A la fin de la Deuxième guerre mondiale, au milieu de la décennie 40, un vent de liberté et d’émancipation souffle sur la France d’Outre-mer. La prise de conscience des populations contre la domination et la soumission est évidente. Partout dans les territoires, naissent, se raffermissent et se propagent à la manière des pandémies, des mouvements et des formations politiques, voire des regroupements régionaux et ethniques porteurs d’espoir. L’arrivée du Général de Gaulle aux affaires en mai 1958, à la faveur des péripéties de la guerre d’Algérie, précipite la marche des colonies vers l’indépendance.
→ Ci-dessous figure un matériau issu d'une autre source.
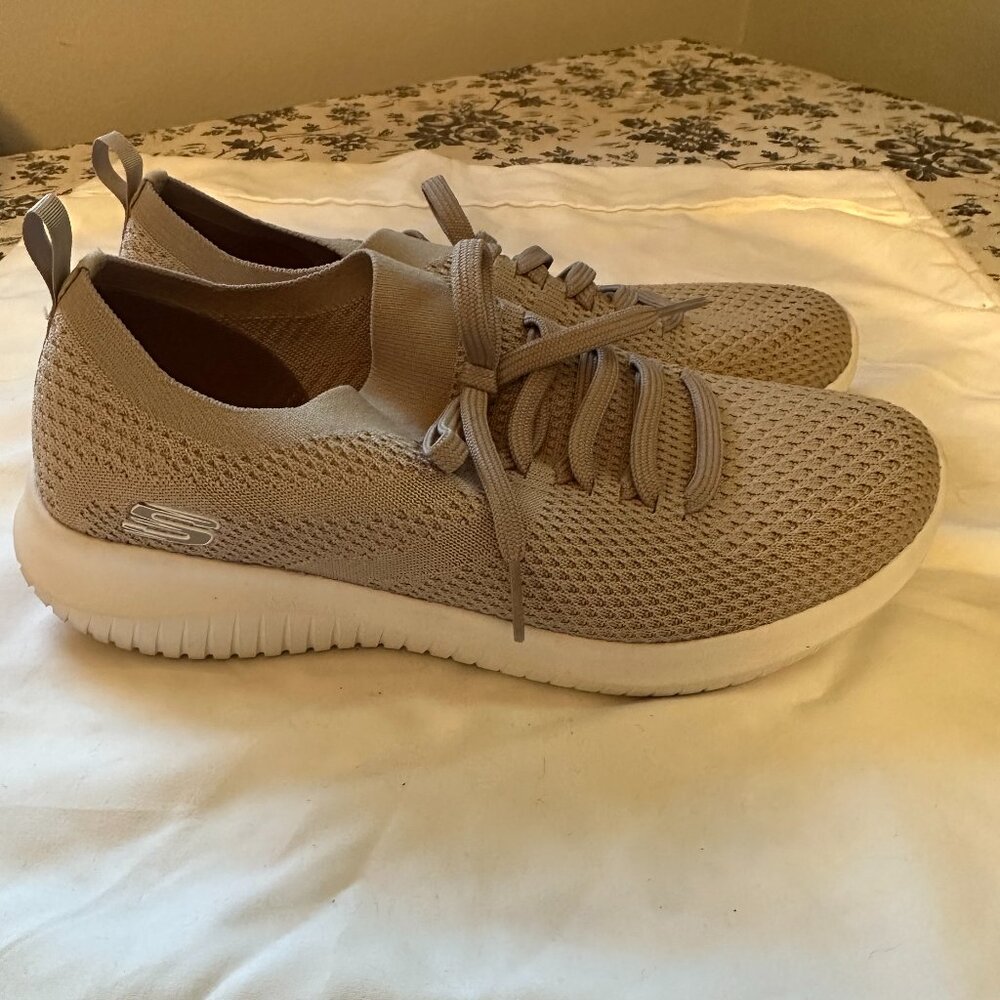 Skechers Women's Size 9 Ultra Flex Taupe Air Cooled Memory Foam Shoes 12539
En effet, les généraux français qui commandaient les troupes en Algérie opposées à l’idée d’indépendance de ce pays préconisée par certains politiciens de la 4ème République, forcent le Général De Gaulle à s’emparer des rênes du pouvoir à Paris, pour transformer en réalité leur rêve de garder l’Algérie dans le giron de la France. Mais l’ancien de la résistance, observateur avisé de la 4ème République, savait que le pouvoir politique était malade. Face au Parlement, fort de son élection au suffrage universel, le Président de la République élu par les grands électeurs, est faible et que son rôle se ramène tout juste à inaugurer les chrysanthèmes. De Gaulle dont on connaît la hauteur d’esprit et l’orgueil ne peut s’accommoder d’un tel rapport de force déséquilibré. Il pose ses conditions. Il préconise le renforcement des pouvoirs du Président de la République en commençant par l’élire au suffrage universel comme le sont les parlementaires, ce qui suppose le changement de la Constitution et donc l’élaboration d’un nouveau texte. De Gaulle et ses collaborateurs font d’une pierre deux coups, lors de ce travail. Les signaux annonciateurs de la nécessité de l’évolution de l’Union française sont devenus désormais nombreux et évidents. Les guerres d’Indochine et d’Algérie, les évènements tragiques de Madagascar ont des échos retentissants dans l’ensemble des processions françaises à travers le monde entier. L’occasion est opportune pour soumettre au vote des colonies, les textes révolutionnant les relations entre la France et ces dernières en communauté Franco-africaine, le 28 septembre. De Gaulle qui tenait à son projet de constitution comme à ses prunelles, décide d’aller par monts et vaux, l’expliquer aux Africains. Les rues-meurent racontent qu’il n’a ajouté la Guinée à la liste des pays dignes de visite que sur les conseils d’amis connaissant parfaitement l’élite politique africaine.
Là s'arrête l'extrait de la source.